Crédit photo PASCALE BRAUN

Smart France a installé ses sept principaux sous-traitants à demeure. Son modèle est protecteur, mais il place les “partenaires” dans une dépendance totale vis-à-vis du donneur d’ordre.

Drôle de petite voiture que la Smart, qui a traversé la crise presque sans encombre et s’essouffle alors même que ses concurrents redémarrent ! Filiale de Daimler basée à Hambach (Moselle), Smart France et les sept sous-traitants implantés sur son site n’auront connu qu’une vingtaine de journées de chômage technique. Ils n’ont procédé à aucun licenciement, sans même avoir bénéficié des soutiens bancaires accordés par l’Etat aux constructeurs français. Le positionnement plutôt haut de gamme et la multiplicité des marchés de la petite voiture, vendue dans 41 pays, ont atténué l’impact de la crise.

Vue de Smartville, la crise mondiale de l’automobile aura ainsi présenté moins d’incidences que le “test de l’élan” qui avait compromis le démarrage du site dès son ouverture en 1998. A l’instar de leur unique donneur d’ordre, les sous-traitants de Smart France – les équipementiers Plastal, Magna Châssis, Magna Door, Continental et Thyssenkrupp, et les logisticiens Mosolf et Panopa – sont restés à l’abri des fortes turbulences. « Tous filiales de groupes internationaux, nos partenaires ont moins souffert à Smartville que dans leurs autres implantations nationales ou mondiales. L’étroite imbrication entre les fournisseurs et le constructeur qui caractérise Smart France a fait ses preuves en sécurisant l’ensemble du site », souligne Guy Siebert, directeur logistique de Smart France.

Complexe, le système induit une dépendance réciproque du donneur d’ordre et des sous-traitants. En douze ans, la Smart n’a écarté aucun de ses fournisseurs, qui sont tous restés en place. Seule leur dénomination a parfois changé au gré des tribulations des grands groupes.

Cette stabilité a son revers. « Les sous-traitants de Smart France se trouvent dans la situation de vassaux : ni les murs, ni les machines, ni les outils ne leur appartiennent. En cas de crise, ils ont interdiction de chercher de nouveaux clients et ne peuvent qu’attendre le redémarrage de l’activité de la Smart », témoigne Gilles Hemmerling, président des sections syndicales CFE-CGC du site Smart et délégué syndical chez Plastal France.

Les impératifs du “just in time” obligent les prestataires à se caler sur les décisions de Smart France en matière de congés annuels, d’horaires de travail, de ponts ou de récupération d’heures supplémentaires. Le constructeur donne également le “la” en matière de négociations salariales, aucun prestataire ne se démarquant de la politique fixée par le donneur d’ordre.
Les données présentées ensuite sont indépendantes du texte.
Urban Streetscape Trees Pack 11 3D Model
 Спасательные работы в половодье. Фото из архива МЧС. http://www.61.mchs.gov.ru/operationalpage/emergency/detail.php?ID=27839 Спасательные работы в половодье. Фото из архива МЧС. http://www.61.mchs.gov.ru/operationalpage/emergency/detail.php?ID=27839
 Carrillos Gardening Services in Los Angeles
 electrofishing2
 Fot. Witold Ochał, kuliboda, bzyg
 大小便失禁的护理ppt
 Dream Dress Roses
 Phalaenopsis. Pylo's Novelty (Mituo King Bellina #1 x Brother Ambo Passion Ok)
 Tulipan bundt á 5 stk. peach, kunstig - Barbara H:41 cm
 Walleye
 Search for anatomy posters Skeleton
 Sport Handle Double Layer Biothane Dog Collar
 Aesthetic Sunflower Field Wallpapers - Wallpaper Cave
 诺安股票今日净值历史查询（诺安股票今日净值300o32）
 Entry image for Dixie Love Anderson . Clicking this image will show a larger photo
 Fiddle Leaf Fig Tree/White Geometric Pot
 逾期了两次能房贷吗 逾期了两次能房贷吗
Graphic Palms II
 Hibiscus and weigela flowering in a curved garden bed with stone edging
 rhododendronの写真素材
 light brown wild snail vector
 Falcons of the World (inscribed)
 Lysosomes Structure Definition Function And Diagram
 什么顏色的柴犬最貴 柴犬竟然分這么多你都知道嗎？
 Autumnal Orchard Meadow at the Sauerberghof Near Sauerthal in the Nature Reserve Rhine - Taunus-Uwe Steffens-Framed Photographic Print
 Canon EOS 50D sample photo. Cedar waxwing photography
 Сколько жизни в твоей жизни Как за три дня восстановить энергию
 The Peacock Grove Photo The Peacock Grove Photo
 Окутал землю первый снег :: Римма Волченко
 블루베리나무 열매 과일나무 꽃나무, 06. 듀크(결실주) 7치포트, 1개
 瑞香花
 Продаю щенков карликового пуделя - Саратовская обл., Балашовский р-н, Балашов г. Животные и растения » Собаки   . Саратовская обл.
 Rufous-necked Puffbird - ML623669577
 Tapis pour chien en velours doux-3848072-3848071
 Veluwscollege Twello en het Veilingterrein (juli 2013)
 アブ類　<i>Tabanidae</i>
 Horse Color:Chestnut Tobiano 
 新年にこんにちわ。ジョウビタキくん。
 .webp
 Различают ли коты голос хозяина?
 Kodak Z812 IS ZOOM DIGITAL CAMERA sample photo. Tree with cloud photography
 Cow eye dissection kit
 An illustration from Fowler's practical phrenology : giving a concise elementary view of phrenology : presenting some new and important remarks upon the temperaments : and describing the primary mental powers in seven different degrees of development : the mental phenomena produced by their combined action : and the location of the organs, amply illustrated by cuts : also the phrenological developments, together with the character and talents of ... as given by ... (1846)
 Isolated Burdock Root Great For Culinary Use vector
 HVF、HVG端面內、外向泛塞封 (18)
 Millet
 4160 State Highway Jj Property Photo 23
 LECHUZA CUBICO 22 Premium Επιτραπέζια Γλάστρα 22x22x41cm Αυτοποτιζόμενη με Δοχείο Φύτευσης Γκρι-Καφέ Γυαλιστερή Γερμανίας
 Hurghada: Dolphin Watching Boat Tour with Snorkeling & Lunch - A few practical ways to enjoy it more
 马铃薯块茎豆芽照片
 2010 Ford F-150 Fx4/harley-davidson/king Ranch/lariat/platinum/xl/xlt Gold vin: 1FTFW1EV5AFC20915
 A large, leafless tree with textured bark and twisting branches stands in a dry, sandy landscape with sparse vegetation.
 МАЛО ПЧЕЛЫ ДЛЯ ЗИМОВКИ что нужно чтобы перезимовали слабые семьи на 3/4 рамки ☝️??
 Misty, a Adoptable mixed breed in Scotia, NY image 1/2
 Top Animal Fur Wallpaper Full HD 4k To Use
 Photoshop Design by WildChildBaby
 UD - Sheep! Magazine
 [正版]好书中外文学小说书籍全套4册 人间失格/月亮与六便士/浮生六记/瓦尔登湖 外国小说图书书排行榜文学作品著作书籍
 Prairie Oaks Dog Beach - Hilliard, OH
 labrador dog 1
Lâcher du lest pour éviter les conflits

Smart France, dont la production se trouverait immédiatement paralysée en cas de grève chez l’un de ses fournisseurs, sait lâcher du lest pour éviter les conflits. En dépit de multiples tensions, le site n’a pas connu de blocage majeur depuis l’automne 1999. A cette occasion, Smartville a constitué un forum social réunissant à intervalles réguliers les dirigeants, les représentants du personnel et les délégués syndicaux de toutes les entreprises présentes sur le site. L’initiative n’a guère perduré plus d’un an. Aujourd’hui, seuls les dirigeants des entreprises sous-traitantes et leurs responsables techniques et logistiques se réunissent mensuellement pour prendre note des consignes du donneur d’ordre.

52 créations d’emplois

Arrivant en fin de parcours, le modèle Fortwo, dont Smart France constitue l’unique producteur, s’essouffle inexorablement. Les ventes sont descendues à quelque 100 000 véhicules par an. En début d’année, Daimler a apporté une bouffée d’oxygène au site mosellan en annonçant l’implantation d’une ligne de production dédiée aux véhicules électriques, puis le choix de Hambach pour assembler le successeur de la Fortwo à l’horizon 2014. Le constructeur engage actuellement un investissement de 18 millions d’euros dans la fabrication à grande échelle du véhicule électrique, et annonce à ce titre la création de 52 emplois, dont 32 chez Smart France et 20 chez les sous-traitants. Ce témoignage de confiance pérennise à la fois le site mosellan et son modèle industriel.

SMART FRANCE

• Activité : constructeur automobile.

• Effectifs de Smartville : 1 600 salariés, dont 800 à Smart France et 800 parmi les sous-traitants.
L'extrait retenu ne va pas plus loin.